Directions - Going through the material below, output exactly the lines from the one containing "RNF144B Antibody in Flow Cytometry (Flow)" through the one containing "CD90.2 (Thy-1.2) Antibody", and no pictures.

Dataset content -
-*-*-
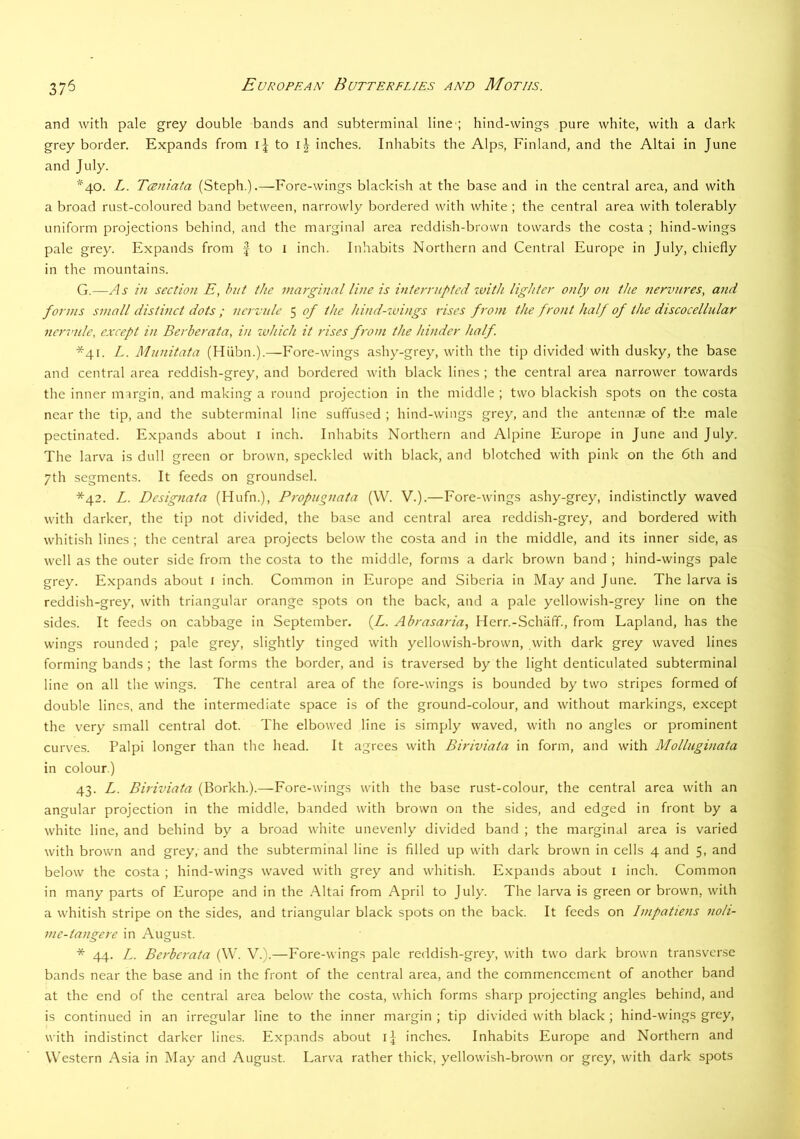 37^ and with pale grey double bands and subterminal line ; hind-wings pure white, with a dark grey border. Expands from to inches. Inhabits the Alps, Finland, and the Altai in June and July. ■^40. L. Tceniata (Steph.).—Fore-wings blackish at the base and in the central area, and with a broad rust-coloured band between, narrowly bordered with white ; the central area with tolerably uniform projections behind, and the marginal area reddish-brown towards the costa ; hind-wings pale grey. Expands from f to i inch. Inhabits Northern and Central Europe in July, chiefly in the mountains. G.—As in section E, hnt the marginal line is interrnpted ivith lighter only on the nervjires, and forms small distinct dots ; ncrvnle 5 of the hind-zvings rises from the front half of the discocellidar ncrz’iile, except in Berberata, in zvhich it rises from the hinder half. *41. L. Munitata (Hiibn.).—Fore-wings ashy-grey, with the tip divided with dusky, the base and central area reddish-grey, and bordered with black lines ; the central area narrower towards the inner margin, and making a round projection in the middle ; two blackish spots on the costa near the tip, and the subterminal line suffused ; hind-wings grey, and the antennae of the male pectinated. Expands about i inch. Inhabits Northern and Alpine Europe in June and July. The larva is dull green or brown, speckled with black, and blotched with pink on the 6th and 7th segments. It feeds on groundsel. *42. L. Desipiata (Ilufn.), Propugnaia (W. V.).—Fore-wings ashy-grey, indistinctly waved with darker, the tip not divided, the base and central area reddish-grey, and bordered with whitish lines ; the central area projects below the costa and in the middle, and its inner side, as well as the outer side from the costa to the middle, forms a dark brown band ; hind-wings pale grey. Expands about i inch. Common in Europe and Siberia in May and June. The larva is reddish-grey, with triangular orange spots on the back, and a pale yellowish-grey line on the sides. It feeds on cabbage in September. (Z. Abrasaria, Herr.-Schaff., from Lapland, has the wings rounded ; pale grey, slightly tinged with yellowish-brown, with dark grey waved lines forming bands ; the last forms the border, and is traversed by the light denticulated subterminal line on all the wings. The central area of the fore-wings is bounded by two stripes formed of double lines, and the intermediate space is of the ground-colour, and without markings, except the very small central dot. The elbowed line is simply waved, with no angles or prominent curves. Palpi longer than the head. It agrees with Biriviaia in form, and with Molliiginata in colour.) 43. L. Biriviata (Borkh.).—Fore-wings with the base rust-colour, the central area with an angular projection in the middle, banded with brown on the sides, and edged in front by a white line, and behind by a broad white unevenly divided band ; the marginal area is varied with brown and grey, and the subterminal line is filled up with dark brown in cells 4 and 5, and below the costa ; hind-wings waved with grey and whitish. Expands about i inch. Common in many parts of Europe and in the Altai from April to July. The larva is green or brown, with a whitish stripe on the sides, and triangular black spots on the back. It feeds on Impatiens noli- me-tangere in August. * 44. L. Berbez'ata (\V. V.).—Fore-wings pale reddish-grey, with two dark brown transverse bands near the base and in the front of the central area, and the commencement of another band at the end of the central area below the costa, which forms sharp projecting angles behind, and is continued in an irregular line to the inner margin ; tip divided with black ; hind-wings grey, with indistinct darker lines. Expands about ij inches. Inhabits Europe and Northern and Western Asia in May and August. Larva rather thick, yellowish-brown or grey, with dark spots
-*-*-
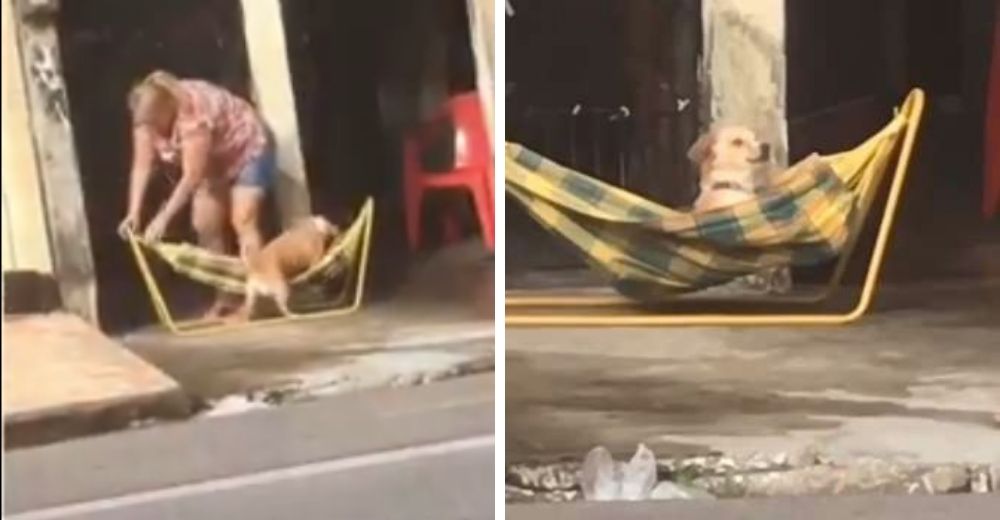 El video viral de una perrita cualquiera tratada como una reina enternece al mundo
-*-*-
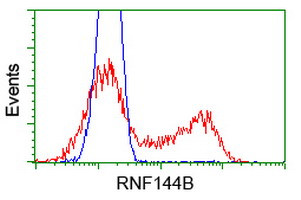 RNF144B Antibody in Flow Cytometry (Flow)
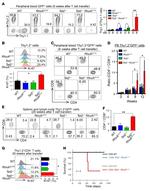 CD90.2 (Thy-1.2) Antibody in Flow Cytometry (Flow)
-*-*-
Task result -
 RNF144B Antibody in Flow Cytometry (Flow)
 CD90.2 (Thy-1.2) Antibody in Flow Cytometry (Flow)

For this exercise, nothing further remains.